Metabolic and ovarian effects of rosiglitazone treatment for 12 weeks in insulin-resistant women with polycystic ovary syndrome.

Hum Reprod

Division of Reproductive Endocrinology and Infertility, Department of Obstetrics and Gynecology, Division of Cardiovascular Medicine, Stanford University School of Medicine, Stanford, CA 94305, USA.

Published: January 2006

Background: Insulin sensitizers have favourable metabolic and ovarian effects in polycystic ovary syndrome (PCOS). This study examined rosiglitazone, a thiazolidinedione, in PCOS.
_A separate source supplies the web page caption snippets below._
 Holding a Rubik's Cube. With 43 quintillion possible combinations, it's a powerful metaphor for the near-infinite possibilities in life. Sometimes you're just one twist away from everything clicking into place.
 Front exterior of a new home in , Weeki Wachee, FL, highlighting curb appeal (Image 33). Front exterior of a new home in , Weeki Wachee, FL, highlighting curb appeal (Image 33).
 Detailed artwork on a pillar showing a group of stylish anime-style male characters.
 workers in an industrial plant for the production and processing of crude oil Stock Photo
Methods: In a prospective, open-label study, the effects of rosiglitazone on metabolism and ovarian function were examined in 42 non-diabetic women with PCOS classified according to the National Institute of Child Health and Human Development criteria and insulin resistance (IR) by steady-state plasma glucose (SSPG) > or =10 mmol/l on octreotide-modified insulin suppression testing. Participants were randomized to rosiglitazone 2, 4 or 8 mg daily for 12 weeks. Endpoints included ovulation and menstrual pattern; serum testosterone, sex hormone-binding globulin (SHBG), and LH; and changes in IR and glucose-insulin responses on 8 h mixed-meal profile.
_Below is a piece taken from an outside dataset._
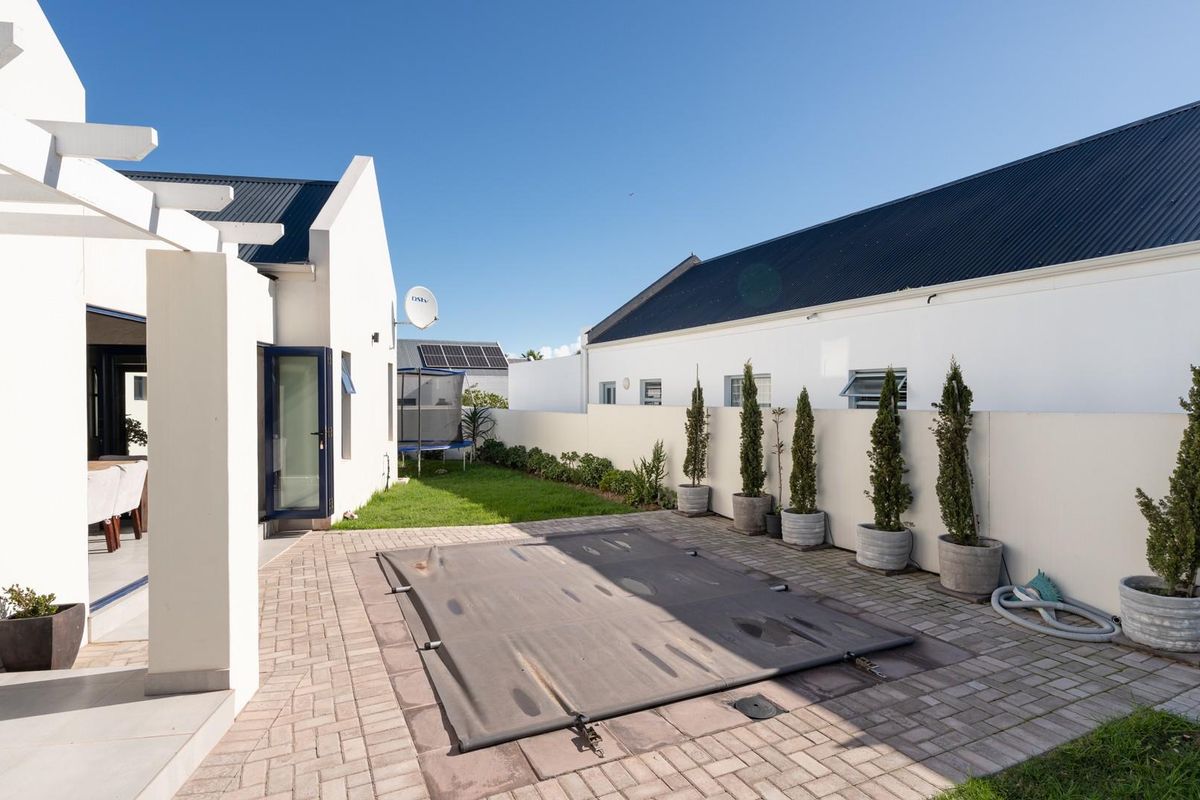 Modern 3-Bedroom Home with Pool in Sought-After Blue Lagoon - Photo 2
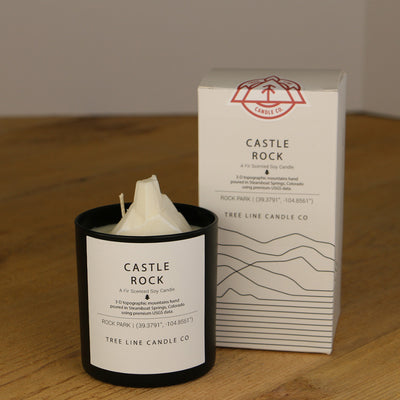 A white wax replica candle of Castle Rock next to a white box with red and black lettering.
Results: After rosiglitazone 8 mg daily for 12 weeks, SSPG declined and insulinaemia fell by 46%; lower doses gave lesser effects. Serum LH, total and free testosterone were unchanged; SHBG increased. With rosiglitazone, ovulation occurred in 23/42 women (55%), without significant dose dependence. Both before and during treatment, ovulators on rosiglitazone had lower circulating insulin and free testosterone and higher SHBG than non-ovulators. Testosterone declined only in a subgroup of ovulators with early vaginal bleeding after starting rosiglitazone.

Conclusions: Rosiglitazone in insulin-resistant PCOS promoted ovulation and dose-dependently decreased IR and insulinaemia; ovulators had lower circulating insulin and testosterone.